I am trying to figure out what approach will work best for me - now, most importantly, but also long-term. So many options...I could make food plans ahead of time and stick with them rigidly, or eat whatever I want but track it all, or try to eat mindfully without tracking, or I could do something that is in between any of those approaches. I could aim for quick weightloss with a low calorie level, maintainence with a higher calorie level, or somewhere in between. I could just put off making these decisions and just live my life and see what happens. I'm feeling pretty indecisive right now.
Tuesday, March 30, 2010
Purpose: Experience tells me that some small success often leads to much more success. Therefore, I'm giving myself a completely doable yet challenging program that will help me get back to healthy behaviors, lose a few of the pounds I've recently put back on, and feel motivation to continue.
Timeframe: NOW (Tuesday afternoon) through Friday night.
*Track everything I eat.
*Pre-track whenever possible (in other words, plan it out in the nutrition tracker ahead of time). The only times this will not be possible are tonight, when I'm going to my parents' seder, and possibly one dinner out to celebrate my husband's birthday. (We already went out on Saturday night with the family, but his birthday is actually tomorrow so if he wants to go out with just me, I will take him out!)
*When I do eat out, make good choices and track afterwards.
*No food from the teachers' room.
*No going to a grocery store or convenience store to buy binge food.
*No eating Jess' food.
*No eating anything that would pull me off course, period!
*Stay under 2,500 calories per day. (Baby steps...)
*General template: fruit smoothie (no extra nuts or chocolate) for breakfast, unlimited (within reason, of course) morning/early afternoon coffee (be done before 2 p.m.) but maximum of 1 cup of milk or soymilk, two pouches of almonds, 1 apple, 1 orange, 1 grapefruit for snacks, 1 lunch serving plus vegetables, 1 dinner serving, NO EXTRA FOOD!!!!!
*Cardio minimum 60 minutes per day with the exception of today (seder) unless I manage to squeeze it in somehow...
*Strength training daily, usual routines (same possible exception for today).

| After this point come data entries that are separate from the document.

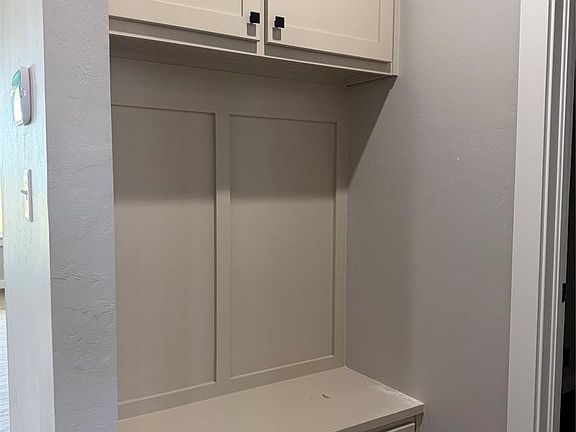 5th image of 211 Outlander Way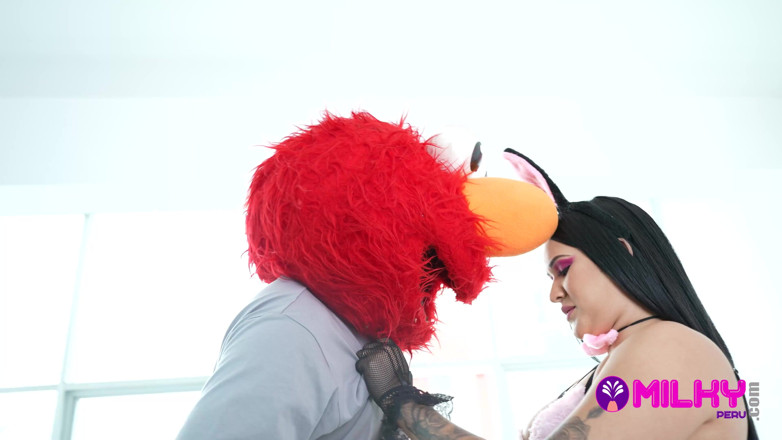 Milky Peru: Bunny Jazmin a její první anál s vnitřní mrdkou .... El-mo...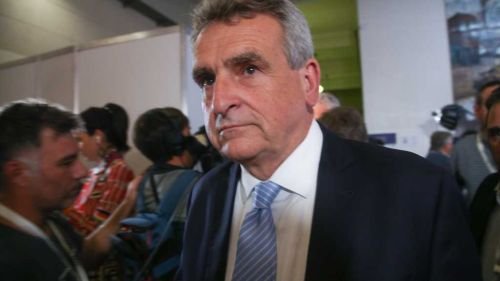 Cuestionamiento de Rossi al decreto de inteligencia.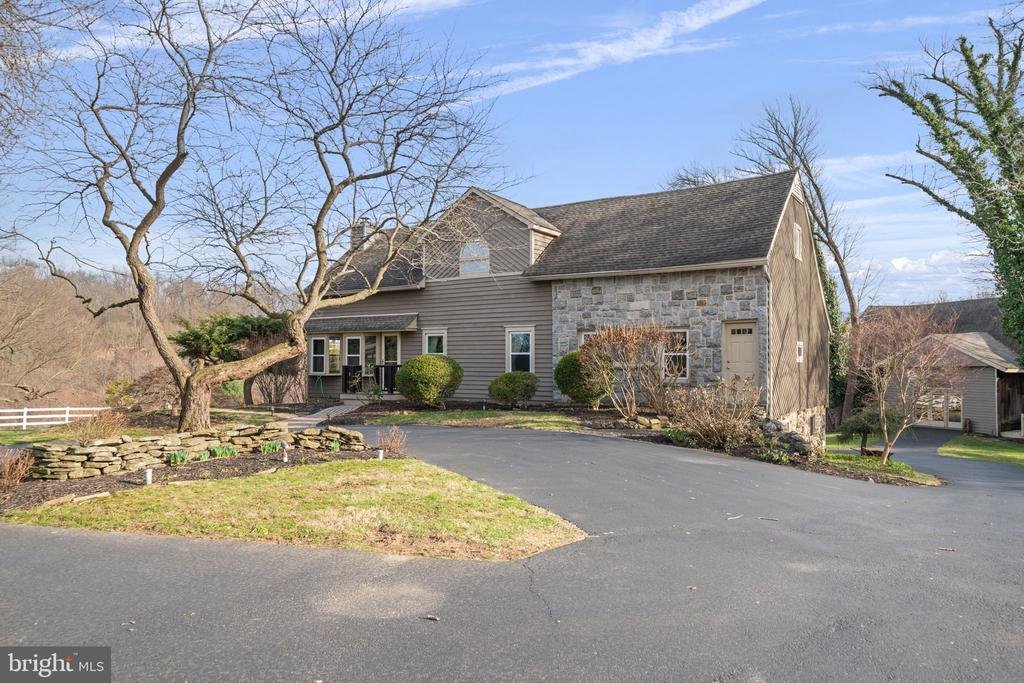 House in Cheyney University, Pennsylvania, United States 1 - 17640015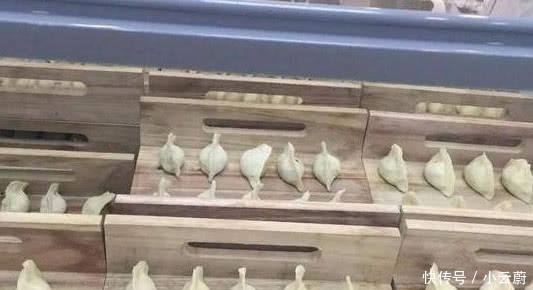 套路|自助水饺18元一位,本以为能吃够本,没想到老板的套路很深啊!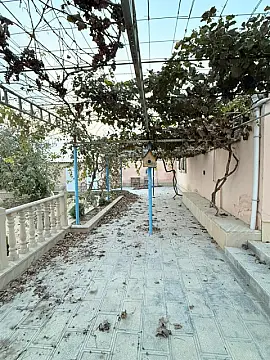 Satılır 4 otaqlı həyət evi 80 m²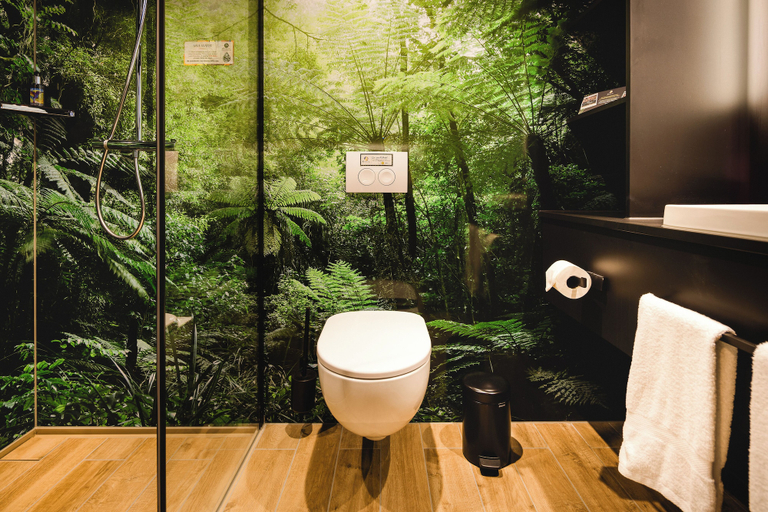 Bathroom 5, Rioca Hafeninsel Posto 8, Offenbach am Main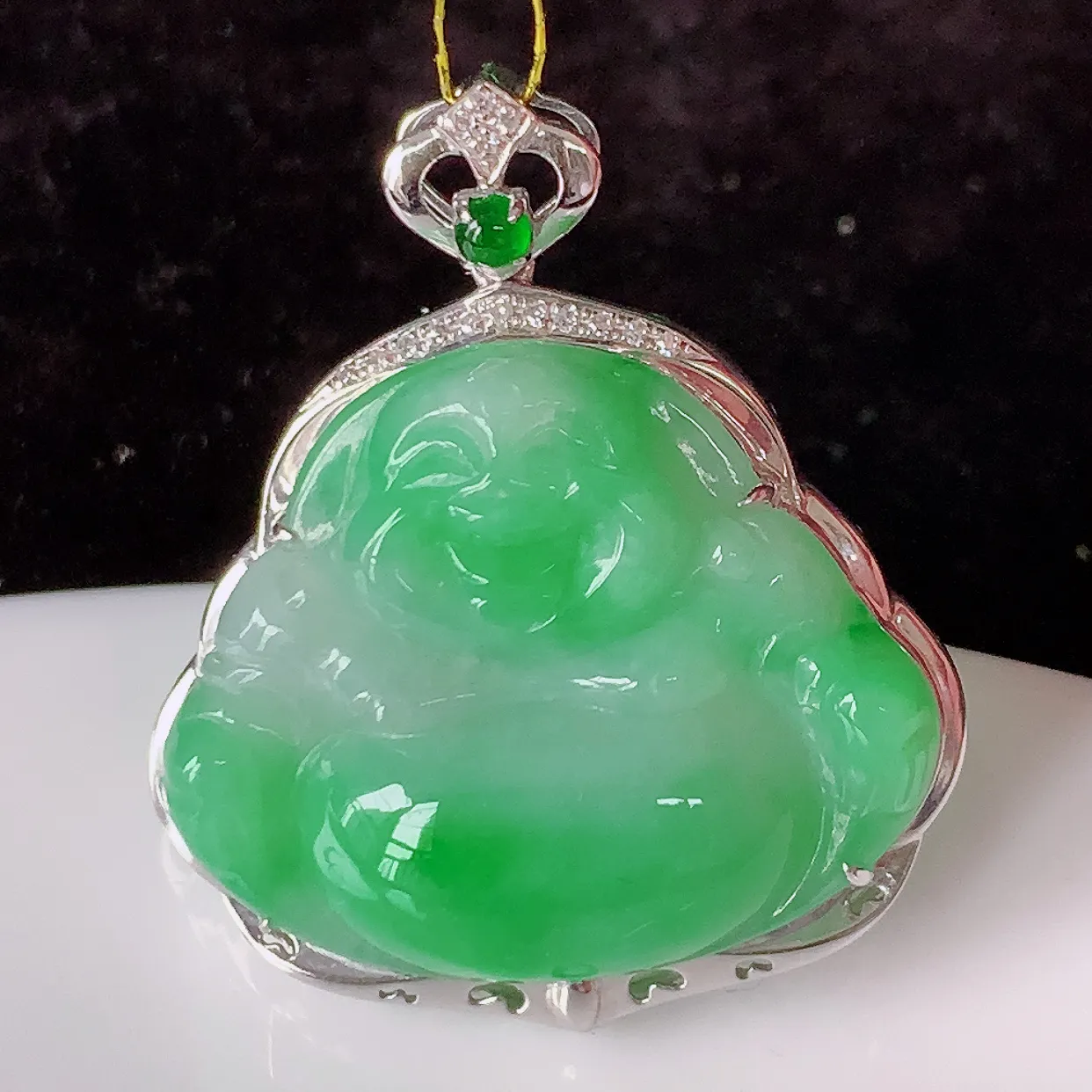 自然光实拍，18K金镶嵌冰润飘绿翡翠佛公吊坠，款式新颖，佩戴效果时尚出众，尽显气质，玉质细腻，美感十足。#35.29整体30.5-26-7.5裸石24.2*20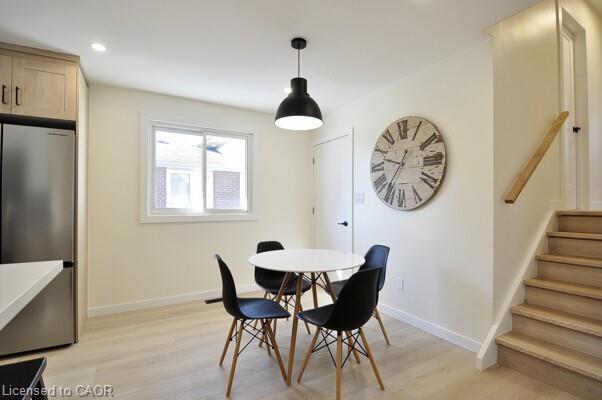 30 Grenadier Road, Cambridge, ON - Indoor Photo Showing Dining Room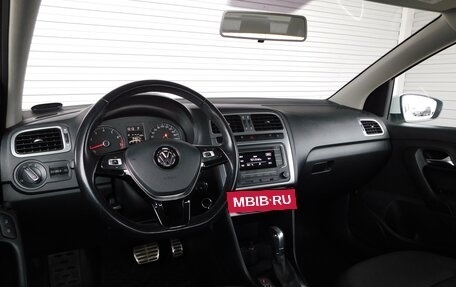 Volkswagen Polo VI (EU Market), 2016 год, 1 095 000 рублей, 16 фотография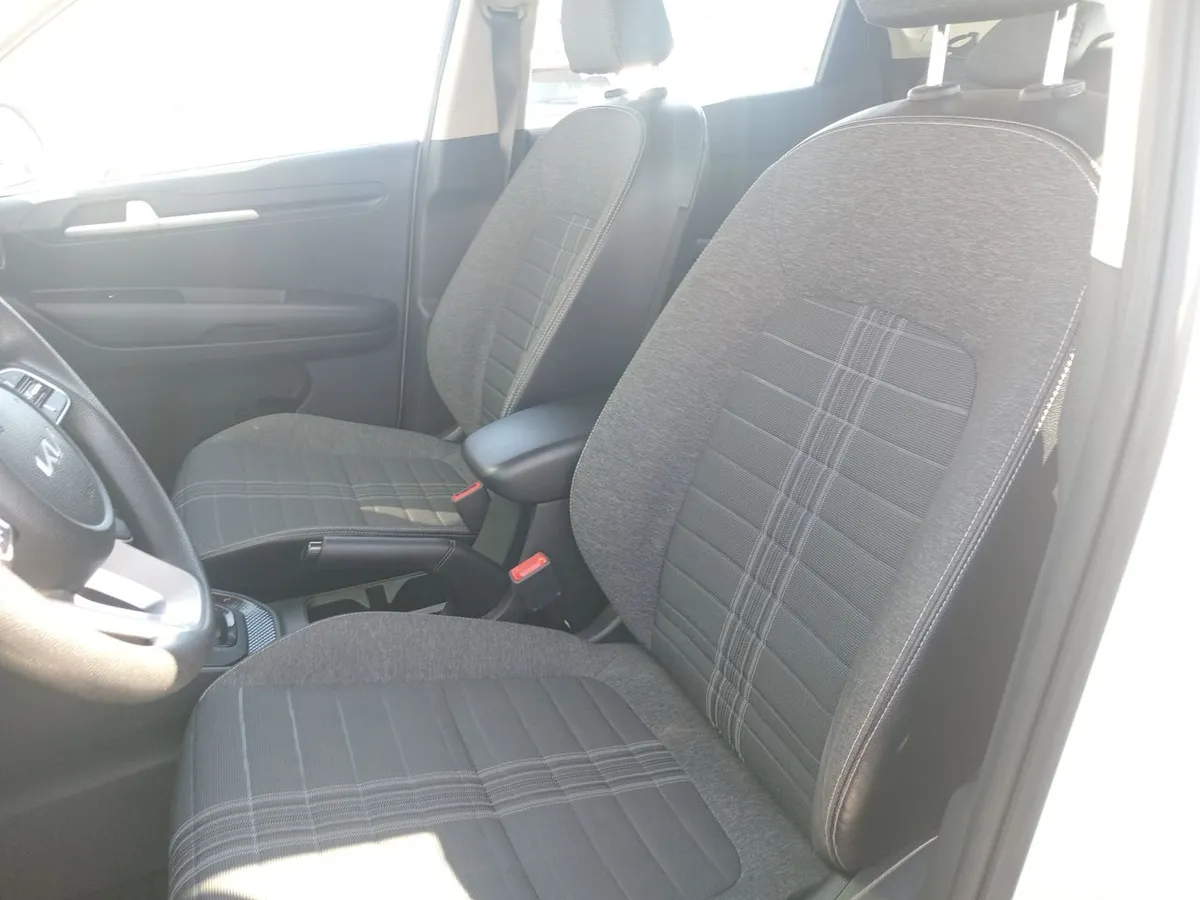 Kia Sonet 1.5 Ex 4x2 Ivt Ri At 5p año 2025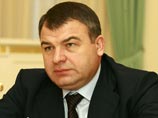 Бывший министр обороны Анатолий Сердюков, вызванный в пятницу на допрос в СКР, достаточно быстро завершил беседу со следователями. Он покинул здание Следственного комитета уже к 11:00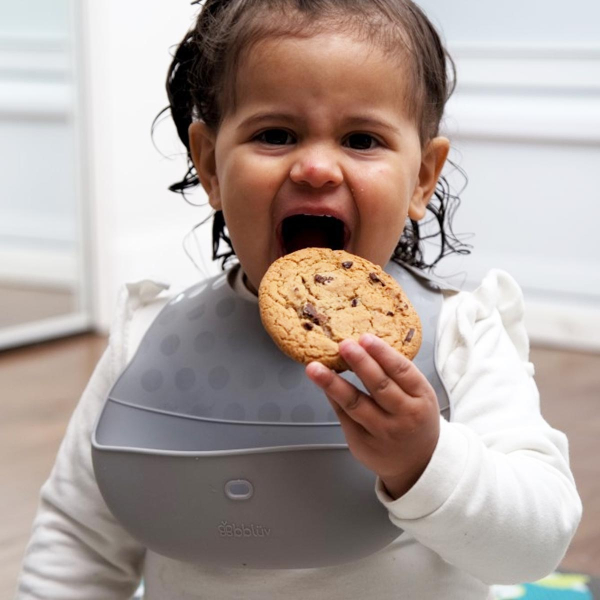 Σαλιάρες Σιλικόνης 4+ Μηνών (21.8x3.2x30.5) & Κουτάλι Σετ 3τμχ Bbluv B0183-L Lime/Grey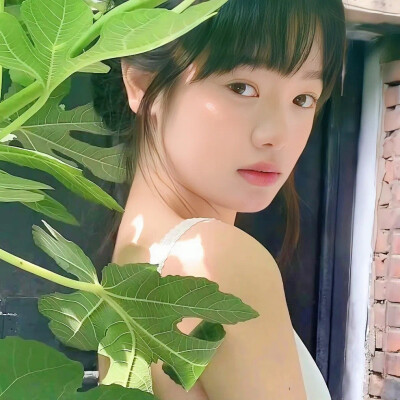 图源网络
侵权速删
头像|文案| “我开始迷信，期待你的掌纹里有我的命运”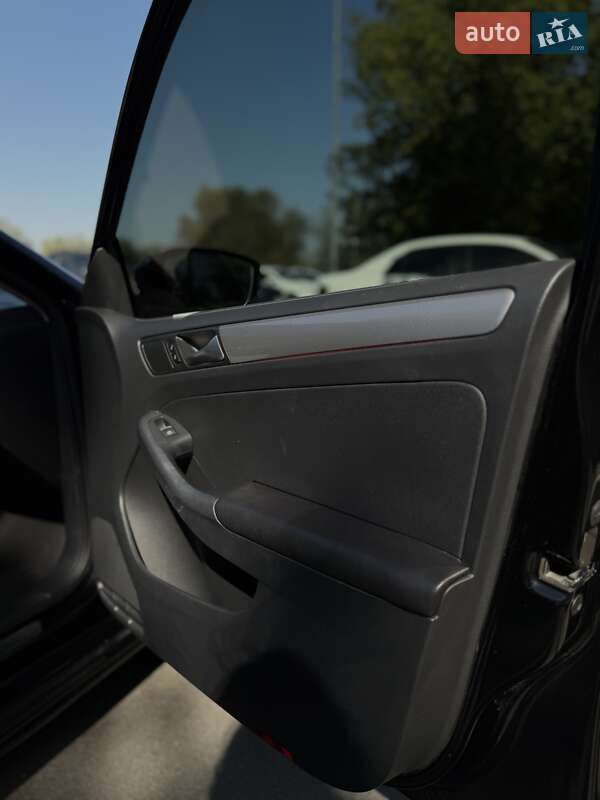 Седан Volkswagen Jetta 2014 в Києві фото 37 Седан Volkswagen Jetta 2014 в Києві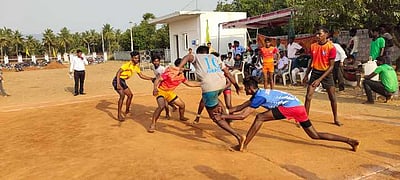 காரப்பட்டு யுனிக் கல்லூரியில் முதலாமாண்டு கபடி போட்டி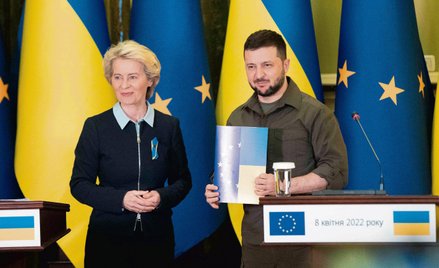 8 kwietnia 2022 r. Ursula von der Leyen spotyka się w Kijowie z Wołodymyrem Zełenskim, nadzieje na r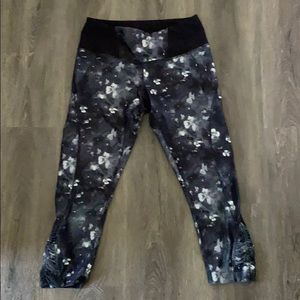 Capri Workout Leggings
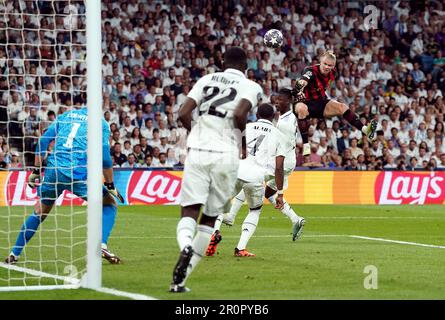 Erling Haaland von Manchester City springt mit Real Madrids Eduardo Camavinga beim Halbfinalspiel der UEFA Champions League im Santiago Bernabeu Stadion in Madrid, Spanien, für den Ball. Foto: Dienstag, 9. Mai 2023. Stockfoto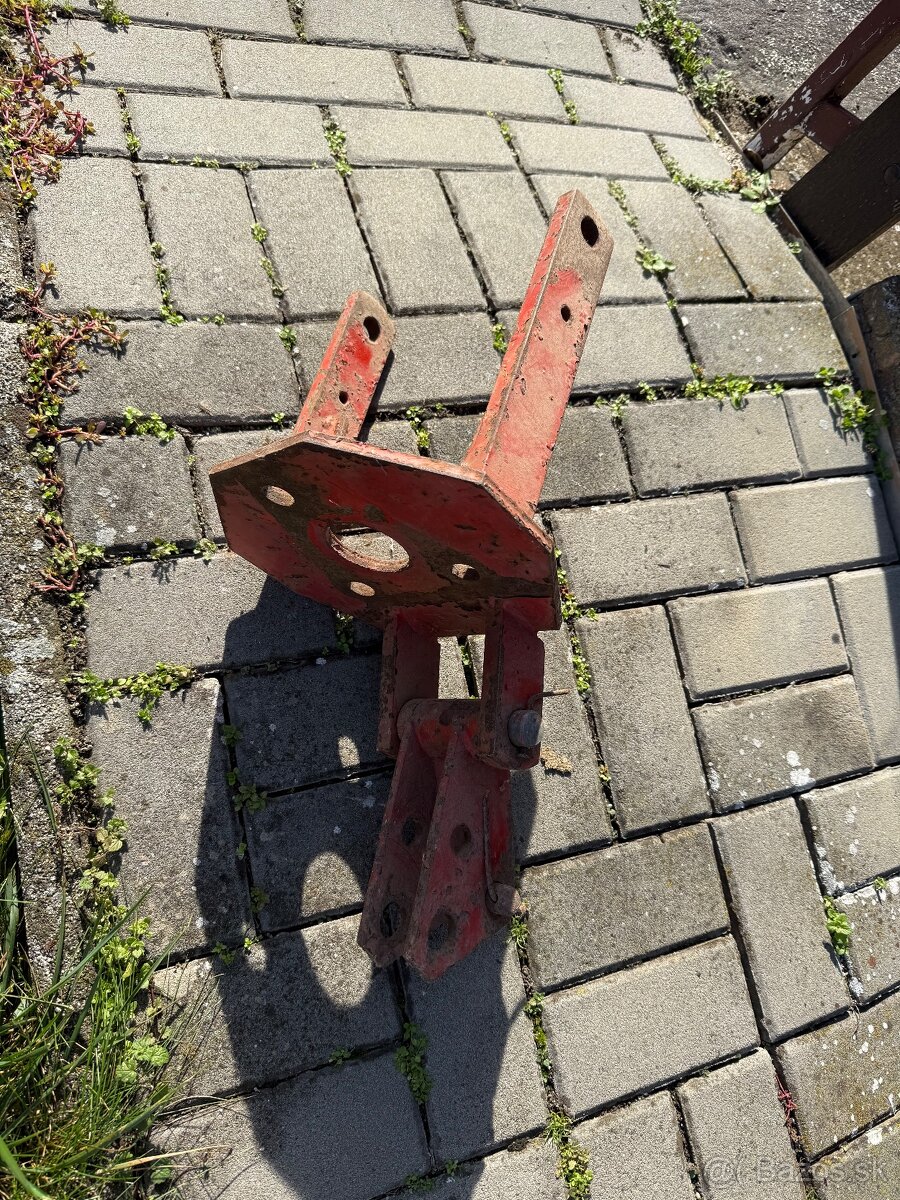 Záves na rotovátor za malotraktor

*Daily blog to 1) confirm that I am following the rules, 2) post my weight, and 3) talk about any struggles that I experience. For example, I am sure that when I see some junk in the teachers room I will be very tempted, and after work I will be extremely tempted to keep eating beyond 2,500 calories. I will blog about those struggles and getting past them!
So here goes...sigh...I weighed 160.6 this morning. Yikes. Before I started this challenge I did have one chocolate caramel candy from the front office (no junk allowed from there either! or from anywhere!). Other than that, however, I have eaten healthfully today. I am hungry now but will have one of my healthy snacks. I am worried about sticking to just good choices tonight at the seder, but I will. One reasonably-sized serving of each item tonight. Drink water, and stop eating when I'm full! (And don't RESTART eating later, either!) I'll be proud of myself, Jess will be proud of me, and I'll be happy to get on the scale tomorrow morning for a change!!!!!!!!!!!!